Both Finnic oral poetries are represented by sufficiently thick corpora that relationships and interactions between them can be assessed. This is doubly important. On the one hand, the corpora themselves offer exceptional contexts for considering interfaces of the individual and collective tradition in the development of specific case studies. These will provide valuable analogical models for the consideration of traditions and repertoires in other studies were sources may be more limited. On the other hand, they provide two distinct systems of oral poetry and their associated specialists that have coexisted in a single culture and in common social environments. This provides an unusual laboratory with the potential to produce new insights concerning how individuals negotiate between and across multiple collective traditions of mythic knowledge that may be present in a coherent society.

These two traditions and how different individuals interface with each of them is further complemented by the very different relationships of each with other traditions in the region as these become situated in a multicultural context. The Germanic (Indo-European) tradition offers historical perspectives to these studies with its very different corpora that allow exceptional long-term perspectives. The history of contact with North Finnic cultures and interaction with Kalevala-meter poetry traditions highlights the dynamism of cultural interaction in this region of Europe while adding complementary perspectives for the comparison and contrast of how mythic knowledge was maintained and developed in the different Finnic oral poetry traditions. The Nenets (Uralic) tradition offers still broader perspectives from both geographical and linguistic peripheries that are essential to framing perspectives on cultures in Northeast Europe. This tradition presents a representative of Northern Eurasian shamanism, which is among the essential aspects of cultural heritage associated with mythic knowledge in this region of Europe. This study will offer new perspectives on how epic traditions functioned similarly or differently in different cultures of the region as well as on the interconnectedness of mythic knowledge across genres of magical practice and epic tradition.

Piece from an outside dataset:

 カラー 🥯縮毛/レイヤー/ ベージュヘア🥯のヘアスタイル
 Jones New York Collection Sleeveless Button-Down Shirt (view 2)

The constellations of many-sided interfaces between these different anchor studies will produce new perspectives on interrelationships of oral poetry, mythic knowledge and vernacular imagination in this part of the world. New understandings will be developed on the role of the individual in collective practices both synchronically and diachronically; both within individual genres and across whole modes of expression; both within a single culture and across diverse cultures. The broader situation in Northeast Europe will be developed simultaneously through networking and collaborations centrally actualized through the organization of workshops international conferences.